In his passing way, Shelburne loses one of the last of her pioneer settlers. He had seen Shelburne grow from it's primitive surroundings to a progressive village. He cleared the ground and built the first rail fence for his brother, William Jelly, the father of Shelburne, on the corner where the Royal Bank now stands. He was among the members of the early Municipal Council of the Township of Melancthon and later was a member of the Shelburne School Board. He was one of the first subscribers if the FREE PRESS and took a pride in presenting himself at this office on each anniversary of the commencement of the paper to pay his subscription.
He was married near Brockville on July 15th, 1862, to Eliza Ann Morrison who predeceased him on Oct. 23rd, 1909. He was an Anglican in religion, a conservative in politics and a Charter member of L.O.L. No. 1321, Shelburne, being a member of the Orange Order for over 65 years.
Four sons and four daughters are left to mourn his loss. The sons are W. J. Jelly, Shelburne, Robert Jelly, Edmonton, James Jelly, Melancthon and Andrew Jelly, Toronto. The daughters are, Mrs. Robert Morrison, Vancouver B.C., Mrs. Harry White, Shelburne, Mrs. A. W. Ruby, Midland, Ont. and Mrs. Milton Muter, Hamilton. His youngest son, Morrison Jelly, having predeceased him on the 4th of April last.
The remains were brought to Shelburne on Friday and the funeral was held on Saturday afternoon at 2 o'clock from the home of his son-in-law, Harry White, to Shelburne cemetery, under the auspices of the Orange Order and was attended by a large number of the friends of the deceased.
The Rev. H. B. Williams, of St. John's Church, Horning's Mills conducted the service and Messrs. Wm. Campbell, W.M., Wm. Creary, D.M., and Wm. Johnston, Chaplain of L.O.L. No. 1321, were in charge of the part of the service under Orange auspices.
There were many beautiful wreaths and other floral offering from friends and relatives.

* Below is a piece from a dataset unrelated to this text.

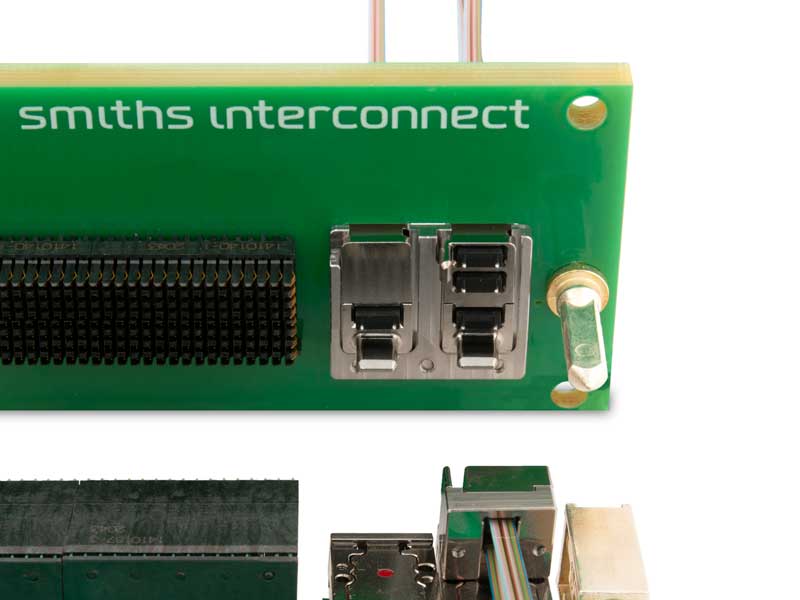VPX Optical Interconnects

The pallbearers were Messrs. A. Gilpin, John Burke, Thos. Silk, J. R. Bates, A. E. Rosevear and W. E. Reid.
Amongst those attending from out of town were: Wm. Jelly and Miss Harriet Jelly, Brockville; Beatrice Jelly, Priceville; Mr. and Mrs. Milton Muter, Hamilton; Mr. and Mrs. Stanley Snider, Odessa and Mr. and Mrs. Wilmer Walker, Laurel.
The sympathy of the whole community is extended to the bereaved sons and daughters in the death of their father and also to those other relatives who share their loss.